De façon analogue, les stratégies discursives que nous avons identifiées opèrent une réduction des phénomènes politiques complexes à des vecteurs qui peuvent être aisément déplacés dans l’espace abstrait du débat public. Le nazisme devient un vecteur « totalitarisme » qui peut être rapproché du vecteur « communisme » ; la démocratie libérale devient un vecteur « domination » équivalent au vecteur « autoritarisme ». Cette réduction vectorielle permet des opérations de comparaison, d’opposition, de combinaison qui seraient impossibles si l’on maintenait la complexité historique et contextuelle des phénomènes concernés.

Ce n’est pas un hasard si ces stratégies discursives se généralisent à l’ère des réseaux sociaux et des algorithmes de recommandation. Ces technologies favorisent structurellement la vectorisation, car elles fonctionnent précisément en réduisant les contenus complexes à des vecteurs de caractéristiques manipulables algorithmiquement. Le tweet politique, avec sa limite de caractères et sa circulation décontextualisée, représente sans doute une forme de cette vectorisation : le phénomène politique y est réduit à un signe qui circule indépendamment de son contexte d’énonciation et de sa densité historique.

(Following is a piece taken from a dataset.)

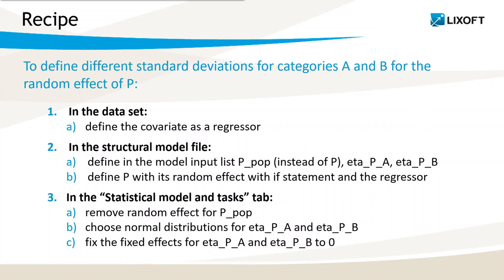To sum up, the recipe to define different standard deviations for two categories A and B for the random effect of a parameter P is in three steps. First, define the covariate as a regressor in the dataset. Then, in the structural model file, define as distinct parameters the typical value for the parameters and the two standard deviations, and define the random effect with an if statement and the regressor.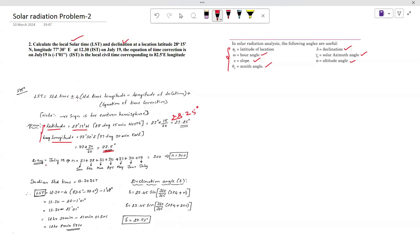Now coming to the day number n. The day is July 19th. To calculate n: January is 31, February is 28, March is 31, April is 30, May is 31, June is 30, and July contributes 19. Adding all these gives n = 200.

Mais cette vectorisation n’est pas simplement un effet collatéral des technologies numériques ; elle constitue une transformation profonde de notre rapport au politique, qui s’inscrit dans une tendance plus large que Nietzsche avait identifiée comme le nihilisme : cet « inquiétant visiteur » qui se caractérise par la dévalorisation des valeurs les plus hautes et la réduction de tout à une logique d’équivalence généralisée. La vectorisation du politique est l’expression contemporaine de ce nihilisme : elle traduit un monde où toute singularité est absorbée dans l’équivalence généralisée, où tout devenir est aplati dans la répétition du même.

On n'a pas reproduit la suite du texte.